Benzene, C15-16-alkyl derivs.

Administrative data

Endpoint:

in vivo mammalian somatic cell study: cytogenicity / bone marrow chromosome aberration

Remarks:

Type of genotoxicity: chromosome aberration

Type of information:

migrated information: read-across based on grouping of substances (category approach)

Adequacy of study:

key study

Reliability:

2 (reliable with restrictions)

Rationale for reliability incl. deficiencies:

other: GLP study reported in peer-reviewed journal article.

Data source

Materials and methods

GLP compliance:

yes

Type of assay:

mammalian germ cell cytogenetic assay

Test material

Test animals

Species:

rat

Strain:

Sprague-Dawley

Sex:

male/female

Administration / exposure

Route of administration:

oral: gavage

Vehicle:

corn oil

Frequency of treatment:

Single treatment

Post exposure period:

animals were sacrificed at 6, 12, 24, and 48 hrs after exposure (6 animals at each sacrifice)

No. of animals per sex per dose:

18-24 male and female rats, negative control consisted of 24 male and 24 females

Control animals:

yes, concurrent vehicle

Positive control(s):

6 males and 6 females were given 40 mg/kg of cyclophosphamide and sacrificed at 24 hrs.

Examinations

Tissues and cell types examined:

bone marrow cells (60 cells per animal)

Details of tissue and slide preparation:

2 mg/kg colchicine was administered 2 hrs before termination. Immediately after termination, cells were collected and processed for slide preparation.

Statistics:

Kruskal-Wallis nonparametric analysis of variance

Results and discussion

Additional information on results:

No effect on mitotic index or P/N ratio. Significant mean body weight loss in animals treated with 12,700 mg/kg bw. Significant weight loss was also seen in males at the 6000 mg/kg dose level.

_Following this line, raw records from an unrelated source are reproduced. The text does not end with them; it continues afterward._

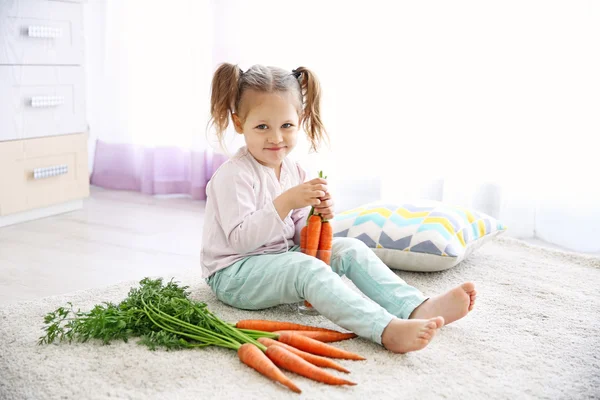 Menina bonita com cenouras — Fotografia de Stock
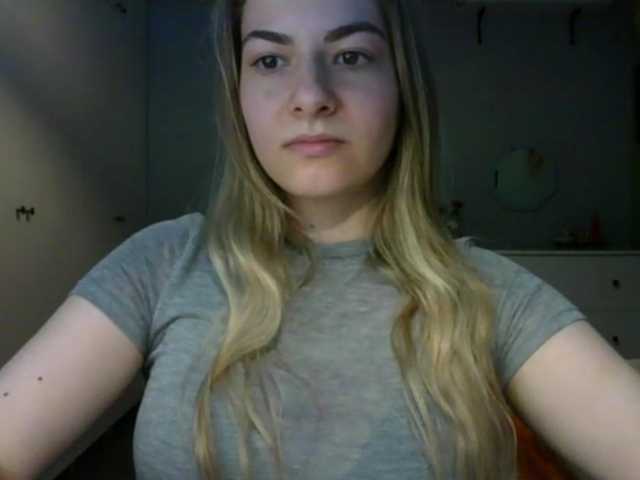RosieJune live cam on BongaCams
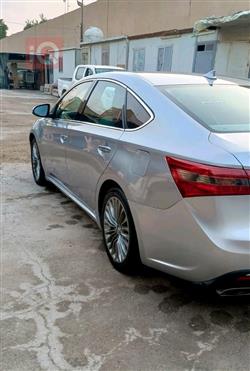 تويوتا أفالون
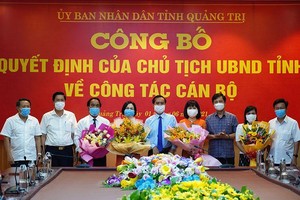 Chủ tịch UBND tỉnh Quảng Trị Võ Văn Hưng trao quyết định và tặng hoa chúc mừng các cán bộ được bổ nhiệm.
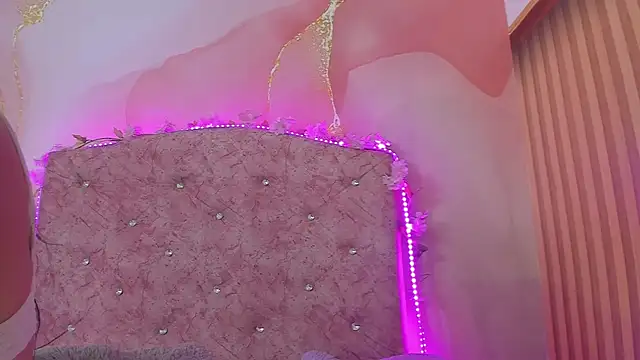 Bella  sweet online show from 12/19/25, 10:39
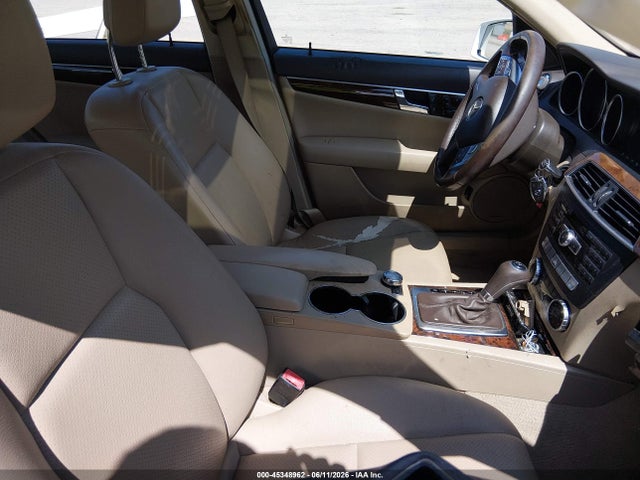 Aukcja sprzedaży 2014 Mercedes-benz C 250 Luxury, vin: WDDGF4HB4ER310512, numer aukcji: 45348962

Any other information on results incl. tables

Results of in vivo bone marrow assay

Concentration	Chromatid gaps	Chromosome gaps	Chromatid breaks	Chromosome breaks	Exchanges	% Aberrant cells
6-hrs
Corn oil	0	0	0	0	0	0
2,000 mg/kg	0	0	0	0	0	0
6,000 mg/kg	0	0	0	0	0	0
12,700 mg/kg	0	0	0	0	0	0
12 hrs
Corn oil	2	1	0	0	0	0.17
2,000 mg/kg	2	0	2	0	0	0.35
6,000 mg/kg	0	0	0	0	0	0
12,700 mg/kg	2	0	5	0	0	1.00
24 hrs
Corn oil	1	0	0	0	0	0
2,000 mg/kg	0	0	1	0	0	0.16
6,000 mg/kg	2	0	1	0	0	0.18
12,700 mg/kg	0	0	2	0	1	0.49
CP 40 mg/kg	6	1	68	3	9	14.80

Applicant's summary and conclusion

Conclusions:

Interpretation of results (migrated information): negative
Alkylate 215 is not genotoxic in the rat bone marrow chromosome aberration assay.

Executive summary:

In cases where no data were available on the target substance, Benzene, C15 -16 -alkyl derivs., data were read across from a structurally related material (the test substance).

This study examined the potential of the test substance to cause chromosome aberrations in vivo. Groups of 18 -24 male and female rats were given doses of 2000, 6000, or 12,700 mg/kg of test substance. Negative control animals were given corn oil (vehicle) only. Positive control animals were given 40 mg/kg cyclophosphamide. Animals were sacrificed at 6, 12, 24, and 48 hrs after exposure. The bone marrow cells were then removed and examined for chromosome aberrations. The test substance was toxic (reduced body weight) at the 12,700 mg/kg dose in both males and females. Males in the 6000 mg/kg dose level also showed weight loss. No significant increase in chromosomal aberrations was seen in any treatment group. The test substance is not clastogenic.